In de afgelopen tien jaar hebben veel Joden zich bij de neus laten nemen door een geblondeerd mannetje dat zich schaamt voor zijn etnische afkomst. Hij is de enige niet in deze groep. Recent onderzoek heeft laten zien dat niet alleen hij, maar meer zogenaamde Indo's (mensen van gemengd Nederlands-Indonesische afkomst) zich heel goed thuis voelen in extreem-rechtse bewegingen met een racistisch tintje. Daar zijn allerlei verklaringen voor, maar de beste en tegelijkertijd de treurigste is dat zij het racisme waarmee zij zijn opgevoed (‘Jammer dat het kindje zo bruin is’) hebben geïnternaliseerd. Dit uit de psychologie afkomstige begrip staat voor het bekende feit dat wij veel van de emoties en opvattingen, waaronder natuurlijk ook vooroordelen, onbewust overnemen van onze ouders.
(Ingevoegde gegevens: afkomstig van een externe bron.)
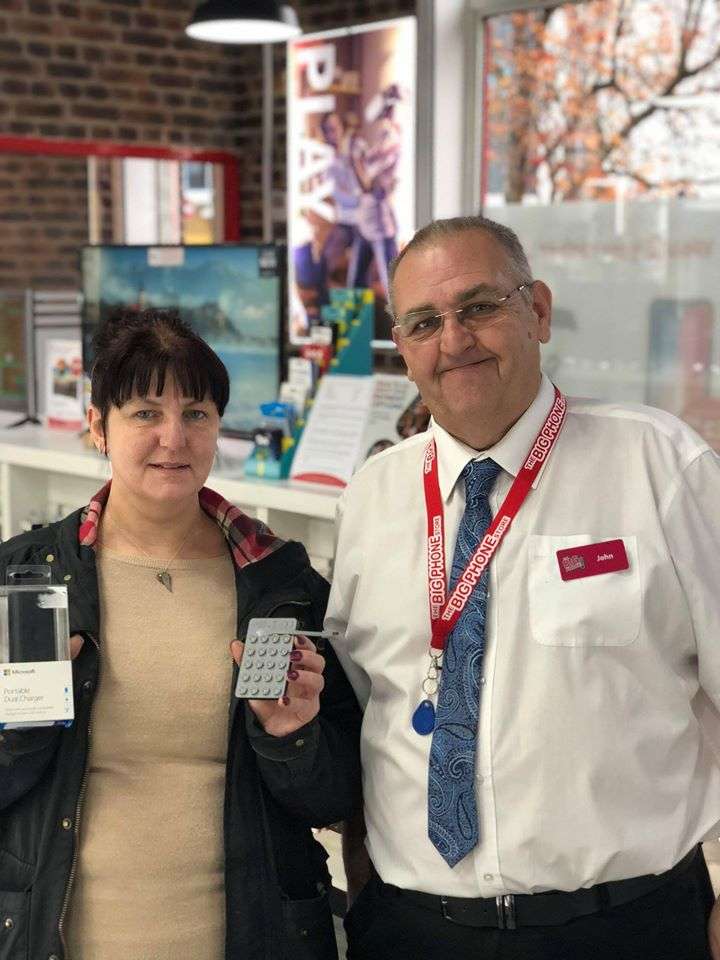 A customer being helped by a member of staff at The Big Phone Store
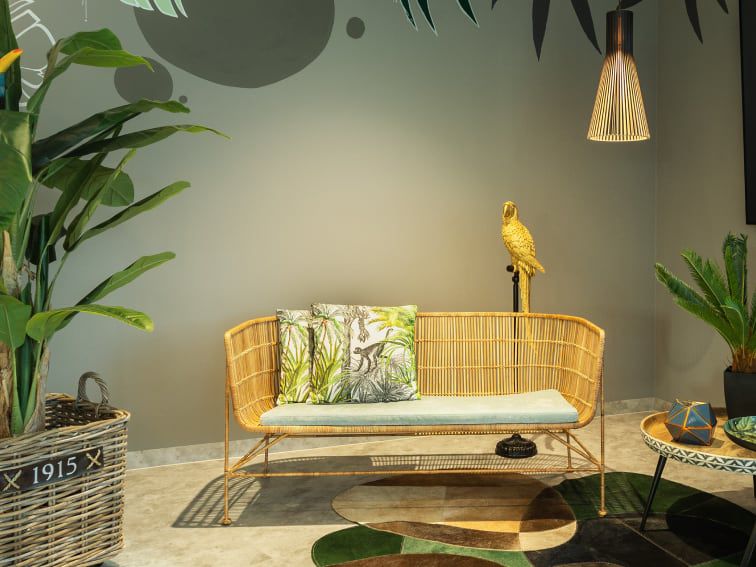 Cosy wicker couch in lobby with decorative pillows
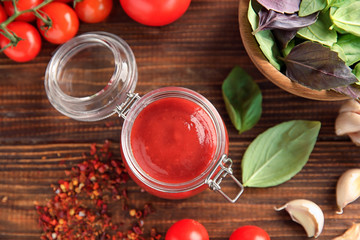 Delicious red sauce in glass jar and ingredients on table, top view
Hoe zit dat met ons? In hoeverre zijn wij gevormd (of misschien wel misvormd) door antisemitisme, door onze eigen ervaringen in de sjoa of die van onze ouders? Wat doet dat met ons? Veel, zoals wij allemaal uit eigen ervaring weten. Voor mijn huidige onderwerp gaat het echter om een heel specifiek deel van die '(mis)vorming' (ook wel traumatisering geheten): de relatie met andere, niet-Joodse minderheden. Je ziet in dit verband globaal twee soorten reacties op het trauma van de sjoa, die ik voor deze gelegenheid maar 'inclusief' en 'exclusief' zal noemen.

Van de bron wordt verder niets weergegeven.